<<<<

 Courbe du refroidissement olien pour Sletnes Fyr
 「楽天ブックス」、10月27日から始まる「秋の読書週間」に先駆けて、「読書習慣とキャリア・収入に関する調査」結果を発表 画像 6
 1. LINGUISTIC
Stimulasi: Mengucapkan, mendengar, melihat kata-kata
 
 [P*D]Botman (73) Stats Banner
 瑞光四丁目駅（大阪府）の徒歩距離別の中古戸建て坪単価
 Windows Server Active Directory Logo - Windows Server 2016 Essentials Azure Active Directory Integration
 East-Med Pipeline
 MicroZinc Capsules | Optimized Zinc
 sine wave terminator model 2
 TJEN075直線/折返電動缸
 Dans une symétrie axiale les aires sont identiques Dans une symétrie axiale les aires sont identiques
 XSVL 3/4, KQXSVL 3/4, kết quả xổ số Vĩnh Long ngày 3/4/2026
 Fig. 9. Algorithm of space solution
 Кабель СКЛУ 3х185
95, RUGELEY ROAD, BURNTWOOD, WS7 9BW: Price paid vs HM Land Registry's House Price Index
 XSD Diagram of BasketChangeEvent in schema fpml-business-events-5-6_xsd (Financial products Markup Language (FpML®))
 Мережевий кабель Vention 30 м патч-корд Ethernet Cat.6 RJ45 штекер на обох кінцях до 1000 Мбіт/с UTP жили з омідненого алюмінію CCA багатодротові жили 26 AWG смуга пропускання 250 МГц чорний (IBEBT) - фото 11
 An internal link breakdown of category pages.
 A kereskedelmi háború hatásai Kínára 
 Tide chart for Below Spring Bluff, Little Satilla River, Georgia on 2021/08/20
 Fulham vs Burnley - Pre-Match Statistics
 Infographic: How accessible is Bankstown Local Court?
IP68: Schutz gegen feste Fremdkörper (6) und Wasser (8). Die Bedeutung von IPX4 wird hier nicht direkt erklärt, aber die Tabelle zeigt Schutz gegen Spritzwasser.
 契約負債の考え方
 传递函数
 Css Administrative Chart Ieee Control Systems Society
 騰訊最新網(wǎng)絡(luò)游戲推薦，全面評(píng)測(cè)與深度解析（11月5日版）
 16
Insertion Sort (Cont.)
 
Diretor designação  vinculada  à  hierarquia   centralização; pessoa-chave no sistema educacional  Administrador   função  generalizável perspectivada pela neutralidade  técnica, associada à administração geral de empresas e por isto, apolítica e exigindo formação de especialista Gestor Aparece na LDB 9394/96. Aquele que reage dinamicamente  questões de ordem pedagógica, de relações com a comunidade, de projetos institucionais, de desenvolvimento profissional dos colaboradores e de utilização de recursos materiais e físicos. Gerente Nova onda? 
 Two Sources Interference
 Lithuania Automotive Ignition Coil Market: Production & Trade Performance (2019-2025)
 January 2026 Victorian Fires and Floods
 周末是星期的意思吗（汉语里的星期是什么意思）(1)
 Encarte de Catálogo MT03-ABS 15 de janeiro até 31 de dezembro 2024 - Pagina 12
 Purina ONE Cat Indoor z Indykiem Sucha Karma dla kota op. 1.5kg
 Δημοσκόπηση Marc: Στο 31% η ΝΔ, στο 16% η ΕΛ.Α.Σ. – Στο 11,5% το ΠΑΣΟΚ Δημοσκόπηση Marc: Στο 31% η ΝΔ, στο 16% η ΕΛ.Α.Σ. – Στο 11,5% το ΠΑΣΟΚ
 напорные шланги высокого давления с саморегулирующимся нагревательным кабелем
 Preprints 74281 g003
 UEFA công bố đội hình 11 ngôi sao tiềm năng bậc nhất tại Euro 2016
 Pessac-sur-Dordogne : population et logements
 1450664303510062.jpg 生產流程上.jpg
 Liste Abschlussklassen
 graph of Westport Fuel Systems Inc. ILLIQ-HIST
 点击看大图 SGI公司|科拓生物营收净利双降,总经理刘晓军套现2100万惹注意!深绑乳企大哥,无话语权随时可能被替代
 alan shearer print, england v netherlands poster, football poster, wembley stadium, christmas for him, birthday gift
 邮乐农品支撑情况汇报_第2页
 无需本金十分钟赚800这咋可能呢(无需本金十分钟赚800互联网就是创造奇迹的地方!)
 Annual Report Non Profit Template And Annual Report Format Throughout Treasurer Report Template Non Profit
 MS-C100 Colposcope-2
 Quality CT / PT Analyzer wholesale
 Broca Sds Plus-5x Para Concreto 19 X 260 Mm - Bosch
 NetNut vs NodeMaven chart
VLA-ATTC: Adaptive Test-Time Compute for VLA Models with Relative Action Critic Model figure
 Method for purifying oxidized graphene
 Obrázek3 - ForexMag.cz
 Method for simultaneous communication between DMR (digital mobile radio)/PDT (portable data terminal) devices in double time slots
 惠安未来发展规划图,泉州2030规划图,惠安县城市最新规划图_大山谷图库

>>>>

WHAT THE EXERCISE ASKS: Look at the material above and copy, word for word, its lines from the first through the one containing "East-Med Pipeline".

EXERCISE RESULT:
 Courbe du refroidissement olien pour Sletnes Fyr
 「楽天ブックス」、10月27日から始まる「秋の読書週間」に先駆けて、「読書習慣とキャリア・収入に関する調査」結果を発表 画像 6
 1. LINGUISTIC
Stimulasi: Mengucapkan, mendengar, melihat kata-kata
 
 [P*D]Botman (73) Stats Banner
 瑞光四丁目駅（大阪府）の徒歩距離別の中古戸建て坪単価
 Windows Server Active Directory Logo - Windows Server 2016 Essentials Azure Active Directory Integration
 East-Med Pipeline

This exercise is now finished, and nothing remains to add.